What is emergent is a new model that demonstrates those ambitions, a car company created as a community that can build cars 5 times faster at 100 times less than capital cost, or a VC firm that says it’s a venture community and that the next Silicon Valley is not a place but a platform that already has 11,000 members in 200 countries which argues everyone should be funding startups, or at the other end of the scale, a firm in Dalston, East London, lending to some the 6m+ people in the UK that do not have access to a bank account because the banks will not lend to them, but whose customers pay back 95% of their loans, or a service that helps patients better manage their chronic health care? Which has proven to reduce; wrong diagnosis, over prescription of drugs, clogging up hospitals and specialist time. Or an entire healthcare service in the territory of Ontario, when faced with significant challenges in how to run its healthcare system, used what is called ‘participatory leadership’ to ensure their best possible future was evolved and developed by those that used and ran that service — a very different scenario to our own current NHS woes.

Each of these examples are demonstrations of how to design around the needs of humanity rather than around the needs and orthodoxies of an industrial world. They prove that people are not motivated purely by commercial need, that people can be producers, co-creators, consumers, investors and evangelists, and that we can design better for societies, organizations, and commerce — all at the same time.

They also point to a sustainable future in which what we have worked out is that a better world is shaped by what we share; wealth, knowledge, resources, and culture. And, that we now have the possibility to truly transform our world, to be more resilient, to be more relevant to us both personally and collectively, socially cohesive, sustainable, economically vibrant and humane, through the tools, capabilities, language and processes at our fingertips.
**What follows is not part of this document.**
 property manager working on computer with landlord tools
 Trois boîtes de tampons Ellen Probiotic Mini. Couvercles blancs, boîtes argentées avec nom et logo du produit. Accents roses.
Avoiding your last Kodak moment

So if organizations do not want to experience their own unique last Kodak moment they need to do 6 things:

  1. Accept the uncertainties of an ambiguous world and become master of them. Requiring deep listening and some humility.
  2. Explore how to become adaptive and agile. This ability to upgrade constantly in hardware, software, organizational structures, business models is required at least for the time being. To be adaptive we must be constantly creating, collaborating, critiquing, communicating, by identifying key drivers we can better evaluate, and it enables the development of a new literacy.
  3. Learn how living and working in an open culture / economy can be hugely beneficial
  4. Embrace participatory cultures as a sustainable form of economics, innovation, organization and leadership
  5. Become comfortable with the idea of craftsmanship as a personal and internal culture: the Craftsman is always in beta, consistently using “PLAY” as a process for discovery, the development of new insight, technique and creativity
  6. Learn how to design for transformation by having the vision, the courage and the conviction to seek and implement lasting change.

The benefits of adopting these principles is a more resilient forward thinking organizational culture that is now capable of strong creative and conceptual thinking with the ability to realistically and meaningfully operate in today’s non-linear world.”

Thank you Alan for this generous sharing, in the spirit of the G.R.A.V.I.T.A.S. values of the Open Source Economy.